LOSC Lille merengkuh gelar Ligue 1 ketiganya sepanjang sejarah pada musim 2010/11. Pada akhir musim, anak-anak asuh Rudi Garcia sukses merengkuh 76 angka hasil dari 21 kali menang dan 13 kali imbang. Cukup impresif, mengingat terakhir kali mereka memenangi Liga Prancis sebelum itu adalah pada 1954. Sampai hari ini, Lille belum pernah lagi menjadi juara.

Boleh jadi, musim itu adalah salah satu musim terhebat dalam sejarah kesebelasan. Salah satu pemain Lille yang moncer di musim tersebut adalah Gervais Yao Kouassi atau yang lebih kita kenal dengan Gervinho. Pemain asal Pantai Gading itu sukses membuat 15 gol untuk Lille di ajang Ligue 1.

Torehan tersebut menempatkan Gervinho di bawah pemain depan Lille kala itu, Moussa Sow, yang mencetak 25 gol. Tak cuma gol, Gervinho juga mampu memberikan servis kepada rekan-rekannya. Total, ada 11 assist yang ia buat pada musim Lille menjadi juara.

Catatan hebat itu membuat Arsenal kepincut. Jadilah The Gunners mendaratkannya ke London Utara pada musim 2011/12. Tak disebutkan berapa biaya yang dikeluarkan Arsenal untuk mendaratkan Gervinho. Yang pasti Manajer Arsenal saat itu, Arsene Wenger, suka dengan Gervinho karena bisa bermain di banyak posisi.

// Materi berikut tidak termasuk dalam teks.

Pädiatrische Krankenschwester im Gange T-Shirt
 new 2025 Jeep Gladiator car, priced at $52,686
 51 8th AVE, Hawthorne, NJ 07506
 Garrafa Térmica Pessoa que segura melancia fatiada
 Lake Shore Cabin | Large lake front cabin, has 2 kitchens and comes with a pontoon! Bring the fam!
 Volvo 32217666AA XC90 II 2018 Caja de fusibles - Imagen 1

"Gervinho adalah pemain yang bisa bermain di beberapa posisi di lini depan. Dia bisa bermain di kanan, kiri, atau di tengah. Dia memiliki teknik yang bagus dan sangat piawai dalam situasi satu lawan satu," tutur Wenger seperti dilansir BBC.

Namun, Gervinho tak setokcer kala bermain dengan Lille. Pendukung Arsenal lebih banyak dibuat gemas dan geleng-geleng kepala oleh aksi Gervinho.

Pada debutnya saja, Gervinho sudah memberikan impresi yang tidak bagus. Melawan Newcastle United pada pekan pertama Premier League, Gervinho langsung kena kartu merah. Pemain yang mengenakan jersi bernomor punggung 27 itu terlibat perkelahian dengan Joey Barton.

Imbasnya, Gervinho kudu absen tiga pertandingan. Problem yang ia buat pada pertandingan debutnya itu bukan cuma perkelahian dengan Barton. Manajer Newcastle kala itu, Alan Pardew, juga menuding Gervinho melakukan diving di kotak penalti ketika berduel dengan Cheick Tiote.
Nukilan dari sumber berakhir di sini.